The following two and a half pages are devoted to a collection of photographs which were taken by Joseph Benson between 1902 and 1912. Born in 1874 in Barrow-in-Furness, Cumbria, Joseph was the son of a Master Mariner and himself trained as a naval architect, eventually working at the Harland and Wolff shipyard in Glasgow. Joseph was obviously a keen sailor and took several boating holidays on the Norfolk Broads during the early part of the 20th century. He passed his love of sailing onto his son, Maxwell, who was taught to sail by his father as a young boy and later went on to serve with the Royal Navy during WW2. Joseph was also a keen amateur photographer, and captured some wonderful images of Edwardian Broadland. My thanks go to Ray Arnold for taking the time to scan, edit and send the collection to me.
The first photograph is from 1902 and features the lock and lock keepers cottage at Coltishall.

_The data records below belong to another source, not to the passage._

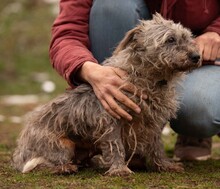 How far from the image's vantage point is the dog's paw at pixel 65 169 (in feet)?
14.0

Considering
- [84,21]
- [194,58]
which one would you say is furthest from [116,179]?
[84,21]

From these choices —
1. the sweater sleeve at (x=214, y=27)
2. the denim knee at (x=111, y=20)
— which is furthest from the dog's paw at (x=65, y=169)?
the sweater sleeve at (x=214, y=27)

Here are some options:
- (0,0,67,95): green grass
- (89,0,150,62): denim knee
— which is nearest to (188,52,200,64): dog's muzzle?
(89,0,150,62): denim knee

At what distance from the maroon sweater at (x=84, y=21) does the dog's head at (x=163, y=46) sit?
40cm

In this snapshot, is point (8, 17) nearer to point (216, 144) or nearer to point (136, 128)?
point (216, 144)

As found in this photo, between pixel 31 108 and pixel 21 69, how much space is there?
11.8ft

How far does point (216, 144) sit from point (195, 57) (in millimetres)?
2226

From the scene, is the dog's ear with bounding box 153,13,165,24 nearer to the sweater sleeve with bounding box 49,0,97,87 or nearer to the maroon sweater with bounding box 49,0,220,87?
the maroon sweater with bounding box 49,0,220,87

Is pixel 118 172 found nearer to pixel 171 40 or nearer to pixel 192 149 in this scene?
pixel 171 40

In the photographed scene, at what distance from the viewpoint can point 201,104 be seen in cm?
461

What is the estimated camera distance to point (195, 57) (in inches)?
160

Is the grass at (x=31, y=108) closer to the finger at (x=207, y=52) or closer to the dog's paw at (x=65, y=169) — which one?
the dog's paw at (x=65, y=169)

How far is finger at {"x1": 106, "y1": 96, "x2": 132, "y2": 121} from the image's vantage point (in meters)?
4.19

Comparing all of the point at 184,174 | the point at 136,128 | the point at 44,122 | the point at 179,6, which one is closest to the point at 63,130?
the point at 44,122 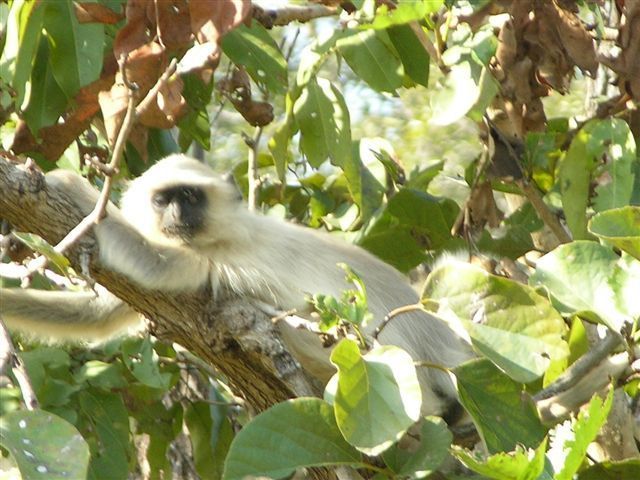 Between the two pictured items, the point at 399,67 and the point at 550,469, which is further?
the point at 399,67

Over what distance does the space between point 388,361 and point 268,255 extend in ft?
5.10

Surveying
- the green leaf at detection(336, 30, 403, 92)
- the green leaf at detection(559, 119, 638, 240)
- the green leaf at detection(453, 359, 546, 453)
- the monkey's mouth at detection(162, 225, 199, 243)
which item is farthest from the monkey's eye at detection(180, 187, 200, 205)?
the green leaf at detection(453, 359, 546, 453)

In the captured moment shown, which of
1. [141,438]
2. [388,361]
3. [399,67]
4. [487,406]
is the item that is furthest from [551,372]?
[141,438]

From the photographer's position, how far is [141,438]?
191 inches

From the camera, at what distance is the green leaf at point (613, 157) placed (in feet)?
9.92

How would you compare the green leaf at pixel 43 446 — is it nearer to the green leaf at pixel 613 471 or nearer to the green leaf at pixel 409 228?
the green leaf at pixel 613 471

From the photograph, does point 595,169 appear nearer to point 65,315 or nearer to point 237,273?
point 237,273

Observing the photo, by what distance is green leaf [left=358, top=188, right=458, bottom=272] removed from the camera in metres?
3.75

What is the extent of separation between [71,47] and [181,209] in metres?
0.86

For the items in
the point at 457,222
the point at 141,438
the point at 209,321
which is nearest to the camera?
the point at 209,321

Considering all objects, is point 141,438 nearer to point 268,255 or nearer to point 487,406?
point 268,255

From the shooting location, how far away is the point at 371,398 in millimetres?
2238

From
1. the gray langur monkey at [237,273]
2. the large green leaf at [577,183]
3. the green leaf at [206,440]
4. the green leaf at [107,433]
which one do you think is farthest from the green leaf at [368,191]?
the green leaf at [107,433]

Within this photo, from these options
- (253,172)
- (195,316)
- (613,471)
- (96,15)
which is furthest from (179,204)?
(613,471) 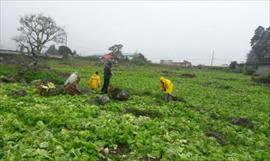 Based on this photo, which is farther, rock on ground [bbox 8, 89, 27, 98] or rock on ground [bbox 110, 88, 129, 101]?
rock on ground [bbox 110, 88, 129, 101]

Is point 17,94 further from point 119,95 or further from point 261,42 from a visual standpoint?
point 261,42

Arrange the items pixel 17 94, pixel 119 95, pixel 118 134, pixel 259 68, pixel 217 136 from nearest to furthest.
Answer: pixel 118 134 → pixel 217 136 → pixel 17 94 → pixel 119 95 → pixel 259 68

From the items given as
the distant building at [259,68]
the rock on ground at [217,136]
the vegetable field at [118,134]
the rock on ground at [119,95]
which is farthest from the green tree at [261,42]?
the rock on ground at [217,136]

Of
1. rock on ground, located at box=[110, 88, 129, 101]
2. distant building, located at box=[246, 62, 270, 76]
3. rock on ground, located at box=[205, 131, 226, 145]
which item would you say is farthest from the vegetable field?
distant building, located at box=[246, 62, 270, 76]

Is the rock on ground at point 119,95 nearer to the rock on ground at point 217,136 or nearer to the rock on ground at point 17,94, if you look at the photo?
the rock on ground at point 17,94

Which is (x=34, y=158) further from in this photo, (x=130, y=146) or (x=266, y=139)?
(x=266, y=139)

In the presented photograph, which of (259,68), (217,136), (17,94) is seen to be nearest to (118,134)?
(217,136)

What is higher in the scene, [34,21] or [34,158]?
[34,21]

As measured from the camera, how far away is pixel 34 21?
6600cm

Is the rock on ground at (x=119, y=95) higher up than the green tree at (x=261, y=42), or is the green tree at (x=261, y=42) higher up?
the green tree at (x=261, y=42)

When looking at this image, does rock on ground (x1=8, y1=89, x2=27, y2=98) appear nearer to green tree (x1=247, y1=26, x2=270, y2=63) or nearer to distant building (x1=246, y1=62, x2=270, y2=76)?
distant building (x1=246, y1=62, x2=270, y2=76)

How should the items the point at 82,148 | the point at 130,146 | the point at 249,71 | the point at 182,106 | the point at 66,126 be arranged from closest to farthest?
the point at 82,148
the point at 130,146
the point at 66,126
the point at 182,106
the point at 249,71

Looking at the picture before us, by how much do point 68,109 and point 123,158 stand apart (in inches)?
182

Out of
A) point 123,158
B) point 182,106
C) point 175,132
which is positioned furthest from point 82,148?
point 182,106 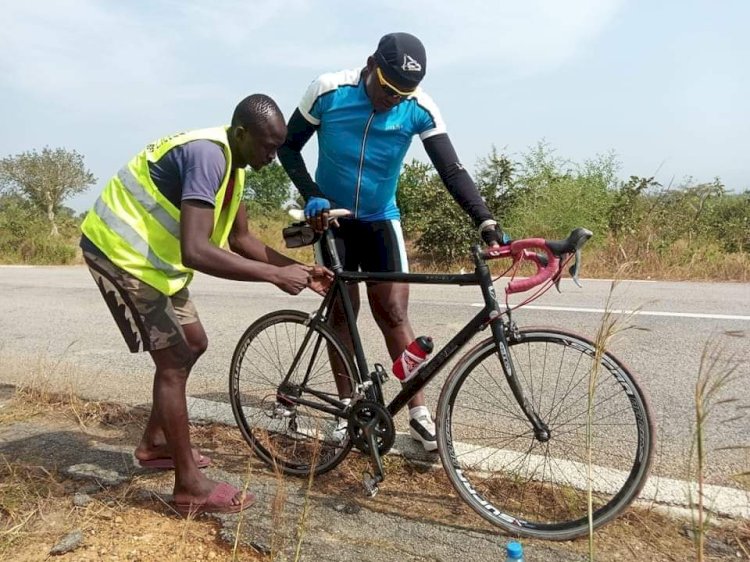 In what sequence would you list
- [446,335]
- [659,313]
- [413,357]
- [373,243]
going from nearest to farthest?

At this time, the navigation continued a further nine miles upriver to Aylsham and had been a well used transport route with, it is said, up to 26 wherries serving this section of the waterway at one time. As with the rest of the system, it was the coming of the railways which led to a major decline in goods being transported by river, although some holiday traffic continued to use this stretch. The major floods of August 1912 effectively closed the navigation beyond this point as all five locks, and several of the road bridges were heavily damaged or washed away in the deluge and the funding could not be found to carry out all of the necessary repair works. Although river traffic ceased at this time, the waterway was not officially abandoned until 1928.
Looking downstream towards Coltishall Lock - a wherry is making its way upriver. There was a limit on the size of vessel which could travel beyond Coltishall of a maximum of 54 ft in length with a 13ft 9” beam as far as Buxton Lamas, reducing to a 12ft 8” beam from Buxton Lamas to Aylsham, and a maximum draught of 3.5 ft. The trading wherry “Zulu” was famously trapped on the Upper Bure after the 1912 floods and was hauled manually around the obstructions on slides to enable her to get back downstream again.

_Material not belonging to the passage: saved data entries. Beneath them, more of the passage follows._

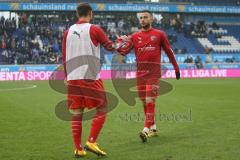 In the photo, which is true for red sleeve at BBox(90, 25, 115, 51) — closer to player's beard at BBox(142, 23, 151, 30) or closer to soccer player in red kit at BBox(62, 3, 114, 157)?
soccer player in red kit at BBox(62, 3, 114, 157)

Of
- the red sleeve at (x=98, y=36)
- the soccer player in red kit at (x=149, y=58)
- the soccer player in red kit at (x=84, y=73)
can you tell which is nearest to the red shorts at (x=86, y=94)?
the soccer player in red kit at (x=84, y=73)

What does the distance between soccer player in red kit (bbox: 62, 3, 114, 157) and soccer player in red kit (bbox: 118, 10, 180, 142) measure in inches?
78.0

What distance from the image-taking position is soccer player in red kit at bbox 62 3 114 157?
7.32 meters

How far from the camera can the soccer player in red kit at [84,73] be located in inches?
288

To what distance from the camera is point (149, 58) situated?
960 centimetres

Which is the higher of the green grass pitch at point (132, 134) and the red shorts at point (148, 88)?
the red shorts at point (148, 88)

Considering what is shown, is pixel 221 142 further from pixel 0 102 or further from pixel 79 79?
pixel 0 102

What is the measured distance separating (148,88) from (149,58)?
1.87 feet

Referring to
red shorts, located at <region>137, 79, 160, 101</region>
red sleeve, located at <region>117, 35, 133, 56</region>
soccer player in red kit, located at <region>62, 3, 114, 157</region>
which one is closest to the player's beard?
red sleeve, located at <region>117, 35, 133, 56</region>

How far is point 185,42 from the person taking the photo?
154 feet

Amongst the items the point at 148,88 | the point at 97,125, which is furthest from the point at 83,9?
the point at 148,88

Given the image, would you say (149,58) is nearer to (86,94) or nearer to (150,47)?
(150,47)

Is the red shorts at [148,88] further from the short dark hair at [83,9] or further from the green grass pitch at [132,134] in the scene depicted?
the short dark hair at [83,9]

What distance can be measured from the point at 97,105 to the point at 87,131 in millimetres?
2709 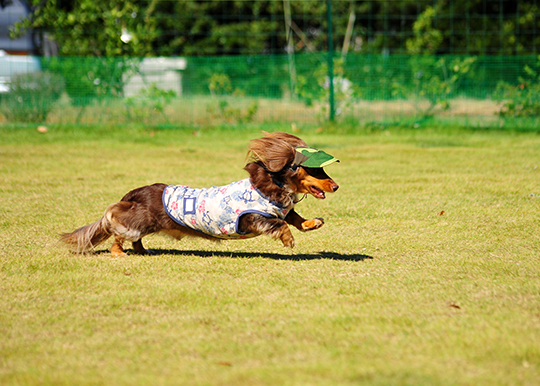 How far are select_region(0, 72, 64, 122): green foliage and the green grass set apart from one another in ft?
20.0

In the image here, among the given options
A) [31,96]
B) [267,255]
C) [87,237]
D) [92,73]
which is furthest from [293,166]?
[31,96]

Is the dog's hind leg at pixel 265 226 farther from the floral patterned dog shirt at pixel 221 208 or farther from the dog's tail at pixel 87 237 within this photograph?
the dog's tail at pixel 87 237

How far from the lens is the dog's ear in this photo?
176 inches

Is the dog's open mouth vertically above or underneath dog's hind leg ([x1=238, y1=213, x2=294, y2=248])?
above

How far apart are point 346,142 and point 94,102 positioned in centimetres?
589

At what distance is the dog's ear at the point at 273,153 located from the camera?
176 inches

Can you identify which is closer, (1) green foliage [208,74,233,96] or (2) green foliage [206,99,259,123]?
(1) green foliage [208,74,233,96]

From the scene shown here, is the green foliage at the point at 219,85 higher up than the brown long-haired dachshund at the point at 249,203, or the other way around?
the green foliage at the point at 219,85

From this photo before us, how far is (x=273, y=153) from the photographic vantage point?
14.8 feet

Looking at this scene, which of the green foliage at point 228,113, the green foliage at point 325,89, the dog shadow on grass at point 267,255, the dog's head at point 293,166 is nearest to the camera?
the dog's head at point 293,166

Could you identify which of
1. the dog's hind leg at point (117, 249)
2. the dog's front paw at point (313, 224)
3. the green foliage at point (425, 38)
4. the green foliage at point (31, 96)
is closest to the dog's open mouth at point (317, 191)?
the dog's front paw at point (313, 224)

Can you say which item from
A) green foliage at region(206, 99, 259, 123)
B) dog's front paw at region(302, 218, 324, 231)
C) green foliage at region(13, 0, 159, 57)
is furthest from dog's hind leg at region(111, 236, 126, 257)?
green foliage at region(13, 0, 159, 57)

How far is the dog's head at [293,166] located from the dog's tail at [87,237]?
1408mm

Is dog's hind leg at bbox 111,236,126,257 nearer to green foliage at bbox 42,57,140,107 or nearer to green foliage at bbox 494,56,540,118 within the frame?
green foliage at bbox 42,57,140,107
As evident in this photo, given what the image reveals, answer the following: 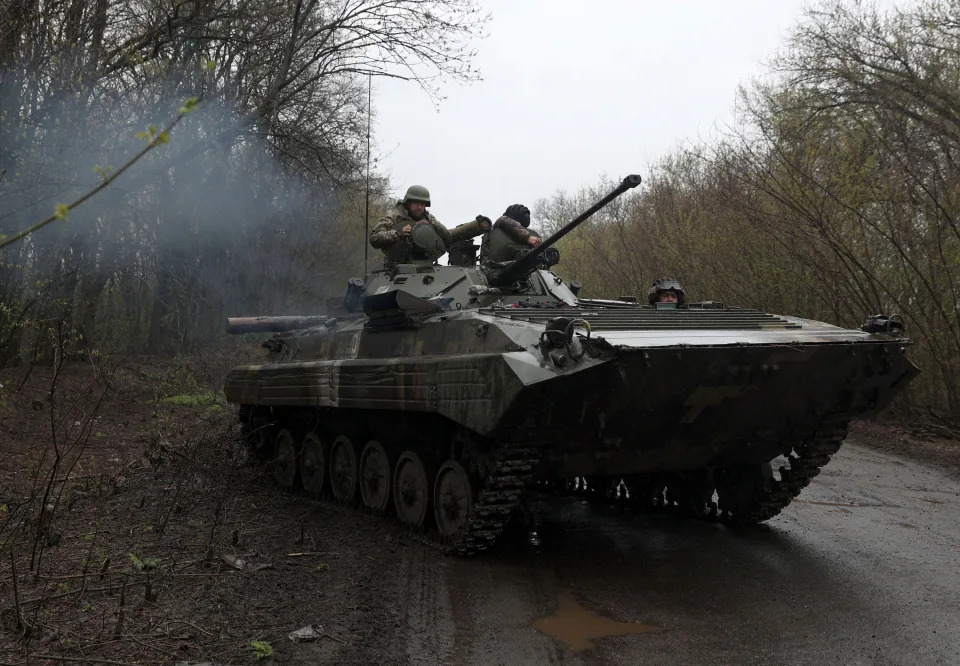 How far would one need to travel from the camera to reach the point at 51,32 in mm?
9633

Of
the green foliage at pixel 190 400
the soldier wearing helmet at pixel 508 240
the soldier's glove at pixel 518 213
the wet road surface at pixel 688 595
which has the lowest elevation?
the wet road surface at pixel 688 595

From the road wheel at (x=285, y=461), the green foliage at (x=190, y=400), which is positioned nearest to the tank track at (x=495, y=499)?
the road wheel at (x=285, y=461)

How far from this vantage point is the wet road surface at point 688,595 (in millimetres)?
4410

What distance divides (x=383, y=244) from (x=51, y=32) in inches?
179

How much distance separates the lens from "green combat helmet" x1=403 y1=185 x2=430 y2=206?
8484mm

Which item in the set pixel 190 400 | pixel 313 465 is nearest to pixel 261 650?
pixel 313 465

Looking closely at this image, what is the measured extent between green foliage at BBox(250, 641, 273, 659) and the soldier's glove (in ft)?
16.0

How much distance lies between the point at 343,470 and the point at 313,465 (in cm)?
71

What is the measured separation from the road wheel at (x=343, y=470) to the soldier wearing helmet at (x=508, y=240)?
6.98ft

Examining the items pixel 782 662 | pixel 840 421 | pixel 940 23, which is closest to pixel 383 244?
pixel 840 421

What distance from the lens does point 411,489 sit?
23.9 ft

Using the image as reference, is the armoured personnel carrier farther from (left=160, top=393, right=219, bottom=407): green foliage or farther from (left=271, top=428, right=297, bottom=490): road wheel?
(left=160, top=393, right=219, bottom=407): green foliage

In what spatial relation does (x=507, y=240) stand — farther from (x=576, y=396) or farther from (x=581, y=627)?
(x=581, y=627)

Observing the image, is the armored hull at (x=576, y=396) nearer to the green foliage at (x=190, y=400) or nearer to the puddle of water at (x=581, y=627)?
the puddle of water at (x=581, y=627) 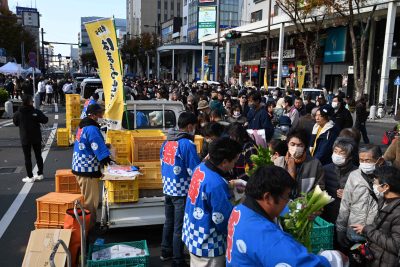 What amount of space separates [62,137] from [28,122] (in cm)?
470

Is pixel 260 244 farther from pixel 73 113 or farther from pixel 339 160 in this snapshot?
pixel 73 113

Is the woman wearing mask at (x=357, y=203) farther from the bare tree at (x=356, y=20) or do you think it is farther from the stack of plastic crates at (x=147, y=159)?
the bare tree at (x=356, y=20)

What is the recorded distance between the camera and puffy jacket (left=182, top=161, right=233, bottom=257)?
3262 millimetres

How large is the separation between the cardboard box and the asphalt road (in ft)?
4.03

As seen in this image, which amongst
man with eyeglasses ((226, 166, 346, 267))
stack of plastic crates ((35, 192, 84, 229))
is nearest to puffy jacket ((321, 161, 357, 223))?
man with eyeglasses ((226, 166, 346, 267))

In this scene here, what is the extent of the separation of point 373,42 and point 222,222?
29.1 m

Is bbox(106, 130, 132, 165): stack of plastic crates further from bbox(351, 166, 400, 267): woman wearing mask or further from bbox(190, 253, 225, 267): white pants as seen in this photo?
bbox(351, 166, 400, 267): woman wearing mask

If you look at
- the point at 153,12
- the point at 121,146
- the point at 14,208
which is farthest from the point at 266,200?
the point at 153,12

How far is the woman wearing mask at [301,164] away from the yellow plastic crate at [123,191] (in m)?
2.06

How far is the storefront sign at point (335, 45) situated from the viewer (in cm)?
3025

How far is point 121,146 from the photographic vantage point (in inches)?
236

An unidentified pleasure wherry, photographed by Joseph Benson in 1902 - possibly on the River Bure between Wroxham and Coltishall.
A heavily laden trading wherry being quanted at an unknown location in 1902.
Sailing on Wroxham Broad in 1902.
Another photograph taken at Wroxham Broad - the River Bure can be seen beyond.
Looking back tow where Joseph had been standing to take the previous photograph at Wroxham Broad.
An eel-catchers hut on the River Bure, also pictured in 1902. I have seen seen several photographs and postcards of the same hut from the late Victorian era and early part of the 20th century, so it seems to have been a fixture on this spot for at least 20 years.
A view of Ranworth maltings, seen on the left, looking across to Malthouse Broad c1902.
Thatched cottages at South Walsham - the photographer John Payne Jennings captured the same scene in the 1880s which was published in his book “Sun Pictures of the Norfolk Broads”.
Another Broadland cottage - possibly also taken at South Walsham?
A thatched boathouse, also pictured in 1902.
Beaumont’s Mill which stood just below Ludham Bridge on the River Ant.
This appears to have been the sailing cruiser which was hired by Joseph Benson for the 1902 holiday, pictured here on the River Ant. As yet, I have been unable to identify the craft, although in subsequent years they do seem to have hired exclusively from Ernest Collins yard at Wroxham.
This photograph of a trading wherry being quanted along a narrow stretch in 1902 looks as though it may also have been taken on the River Ant.
Joseph captured the racing at one of the regattas in 1902 - possibly Potter Heigham?
This is the yacht “America” which was built by Ernest Collins at Wroxham, and would have been fairly new at the time this photograph was taken in 1902. America was 43ft in length, with a 10ft beam, and was listed for hire in Harry Blakes 1908 yachting list at between £6 to £10 per week including two attendants.
An unknown trading wherry moored near Horsey Mere in 1902.
The first of three photographs taken on Hickling Broad by Joseph of the yacht hired by he and his companions in 1902. I can’t quite make out the name on the transom!
Another photograph taken at Hickling.
The third photograph taken at Hickling, and the final one in the collection dating from 1902.